Nanayakkara et al. (Nanayakkara et al., 2022) also consider the perspective of research practitioners in their study. They interview participants and evaluate their comprehension as they use a visualization tool to explore the relationships between $\varepsilon$ , accuracy, and disclosure risk, as well as the impact of DP noise on statistical inference. This work underscores the importance of tools for practitioners to understand the dynamics between privacy and accuracy and the implications of making parameter choices in a hands-on manner. Their tool is complementary to the prototype we use for this study, and our findings show that participants would benefit from being able to visualize these tradeoffs. However, as the authors point out, more work needs to be done to understand how generating visualizations cuts into the privacy-loss budget, and how to use the visualization to actually perform a DP analysis.

Concurrent work by Munilla Garrido et al. (Garrido et al., 2022) investigates the ‘academic-industrial DP utilization gap’ through interviews with data analysts and data stewards in major companies that have not yet deployed DP. Their findings about the barriers to adoption of DP, as well as the promises of using DP, support the findings in this paper.
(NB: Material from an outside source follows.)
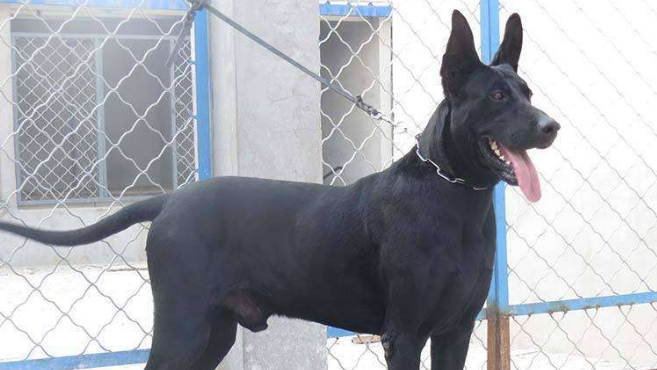 购买伯格犬注意些什么 购买伯格犬注意些什么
In particular, Munilla Garrido et al. conclude that DP can simplify onerous data access processes and facilitate data exploration across silos. They are optimistic about bridging the divide between theory and practice of DP, identifying key technical gaps that DP tools should address in order to promote adoption across industry. Echoing findings from a previous interview study by Dwork et al. (Dwork et al., 2019), Munilla Garrido et al. emphasize the need for sharing learnings across the DP community.

Finally, Qin et al. (Qin et al., 2019)’s work on multi-party computation (MPC), while not about DP, offers valuable insights on how to educate stakeholders about technical privacy guarantees “while [keeping practitioners] insulated from the nuances of [the protocols’] implementation.” Qin et al. find that describing simple examples of the MPC protocol to practitioners allows them to trust the protocol’s security on more complicated functions. In addition, modeling the user interface on something that is familiar, such as a spreadsheet, allows practitioners to participate more confidently. Finally, Quin et al. emphasize the importance of collaboration between security engineers and human factors experts in designing interfaces, particularly in settings (including MPC and DP) where users can only interact with the interface only a limited number of times.
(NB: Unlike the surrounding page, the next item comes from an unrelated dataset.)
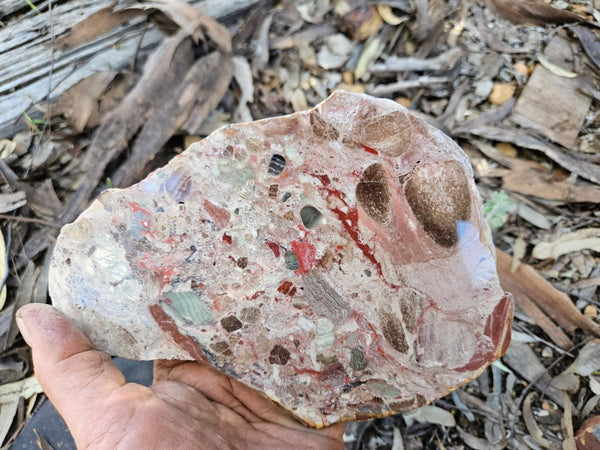 Polished Marillana Conglomerate slab MC120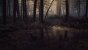 Blair Witch - Screenshot von Nafeken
More generally, scholars have highlighted the ways in which computational tools shape the identity of users as well as the scope of their actions. Grint and Woolgard (Grint and Woolgar, 1997) describe this process in detail, highlighting that “by setting parameters for the user’s actions, the evolving machine effectively attempts to configure the user.” We build on these insights in this work to show how DP tools may seek, but fail, to reconfigure data analysts in the desired manner. We argue that reconfiguring users to make safe, ethical choices in the data analysis process requires not only better design within the tool, but also robust guidance, training, and education outside of the tool.

3.3. Ethical data science

Finally, there has been a slew of recent work on the challenges of translating ethical data science from theory to practice. Seda Gürses (Gürses and Del Alamo, 2016) draws attention to the “scant attention given to socialization of [privacy] tools” as an obstacle for bringing privacy-preserving methods from the lab into the world. Jörg Dreschler (Drechsler, 2022) highlights several ways in which differentially private data analysis clashes with fundamental workflows and modes of interaction within government statistical agencies. Oberski and Kreuter (Oberski and Kreuter, 2020) similarly delineate the tensions between DP and social science, such as conceptions of risk and workflow, but they also outline ways in which DP may lead to better social science by protecting against p-hacking and introducing robustness into the data analysis process. Barocas and boyd emphasize the tensions between ethicists who critique the ‘ethically uninformed’ practices of data science, and data scientists who feel that they already embed nuanced ethical considerations into every step of their analyses (Barocas and Boyd, 2017). Finally, boyd and Sarathy (boyd and Sarathy, 2022) describe the challenges faced by the Census Bureau in communicating about DP as it conflicts with dominant ‘statistical imaginaries’ about census data.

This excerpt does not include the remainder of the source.